UMAP (Uniform Manifold Approximation and Projection) is a dimensionality reduction technique that is particularly well-suited for the visualization of high-dimensional datasets. It is based on topological data analysis and preserves both local and global structure in the data.
The UMAP algorithm works by constructing a high-dimensional simplicial complex from the data and then finding a low-dimensional representation that preserves the topological structure of the data.
The UMAP algorithm minimizes the fuzzy set cross-entropy loss function.
\[ C = \sum_{i \neq j} p_{ij} \log\left(\frac{p_{ij}}{q_{ij}}\right) + (1 - p_{ij}) \log\left(\frac{1 - p_{ij}}{1 - q_{ij}}\right) \]
where \(p_{ij}\) is the probability of points \(i\) and \(j\) being connected in the high-dimensional space, and \(q_{ij}\) is the probability of points \(i\) and \(j\) being connected in the low-dimensional space. The probabilities are defined as follows:
\[ p_{ij} = \exp\left(-\frac{d_{ij}^2}{\sigma_i^2}\right) \]
\[ q_{ij} = \frac{1}{1 + a \cdot d_{ij}^{2b}} \]
where \(d_{ij}\) is the distance between points \(i\) and \(j\) in the high-dimensional space, \(\sigma_i\) is a local scaling factor, and \(a\) and \(b\) are parameters that control the shape of the low dimensional embedding.
The resulting layout can be used for visualization. It can be interpreted as a force-directed layout for graph visualization, where the attraction and repulsion forces are given by the following expressing:
\[\text{Force}_{attr} = \frac{2ab \cdot d_{ij}^{2b-2}}{1 + a d_{ij}^{2b}} \cdot p_{ij} \cdot (y_i - y_j)\]

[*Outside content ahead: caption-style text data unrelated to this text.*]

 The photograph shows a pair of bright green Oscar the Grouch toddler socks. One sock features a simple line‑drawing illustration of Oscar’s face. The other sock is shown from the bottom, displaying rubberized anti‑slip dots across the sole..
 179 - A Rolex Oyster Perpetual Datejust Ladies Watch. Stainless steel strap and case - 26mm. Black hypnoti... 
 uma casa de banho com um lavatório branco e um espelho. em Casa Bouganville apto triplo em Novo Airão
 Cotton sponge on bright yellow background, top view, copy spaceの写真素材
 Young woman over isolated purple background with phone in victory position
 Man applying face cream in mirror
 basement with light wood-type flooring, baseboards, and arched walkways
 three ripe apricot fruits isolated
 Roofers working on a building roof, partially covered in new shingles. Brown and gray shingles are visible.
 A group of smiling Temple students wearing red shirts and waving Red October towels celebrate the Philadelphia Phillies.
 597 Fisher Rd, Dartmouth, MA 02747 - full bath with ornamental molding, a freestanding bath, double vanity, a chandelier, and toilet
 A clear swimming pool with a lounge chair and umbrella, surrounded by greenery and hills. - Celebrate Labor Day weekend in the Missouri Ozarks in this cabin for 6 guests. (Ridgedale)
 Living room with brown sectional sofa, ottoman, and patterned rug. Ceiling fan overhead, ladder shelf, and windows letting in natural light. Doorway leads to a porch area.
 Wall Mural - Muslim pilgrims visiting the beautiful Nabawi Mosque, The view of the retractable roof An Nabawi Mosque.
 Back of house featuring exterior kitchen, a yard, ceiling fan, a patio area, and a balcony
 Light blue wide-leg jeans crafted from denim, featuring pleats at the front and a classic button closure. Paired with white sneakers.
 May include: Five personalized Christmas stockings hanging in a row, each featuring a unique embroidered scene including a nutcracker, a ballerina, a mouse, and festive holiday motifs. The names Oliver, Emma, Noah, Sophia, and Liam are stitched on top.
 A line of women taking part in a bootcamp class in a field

\[\text{Force}_{rep} = \frac{2b}{ (\epsilon + d_{ik}^2)(1 + a d_{ik}^{2b}) } \cdot \phi \cdot (y_i - y_k)\]
The hyperparameters \(a\) and \(b\) control the balance between attraction and repulsion forces. They are computed by requiring the distribution on low-space to fit desired membership or target probability distribution.
\[(1 + a d^{2b})^{-1} \approx \begin{cases} 1 & \text{if } d \leq \text{min_dist} \\ e^{-(d - \text{min_dist})/\text{spread}} & \text{if } d > \text{min_dist} \end{cases} \]
The Logic Behind the Fit is as follows:
The parameters \texttt{a} and \texttt{b} are computed with a grid search, followed by a second refined grid search around the best values. The user has to specify the \texttt{min_dist} and \texttt{spread} parameters.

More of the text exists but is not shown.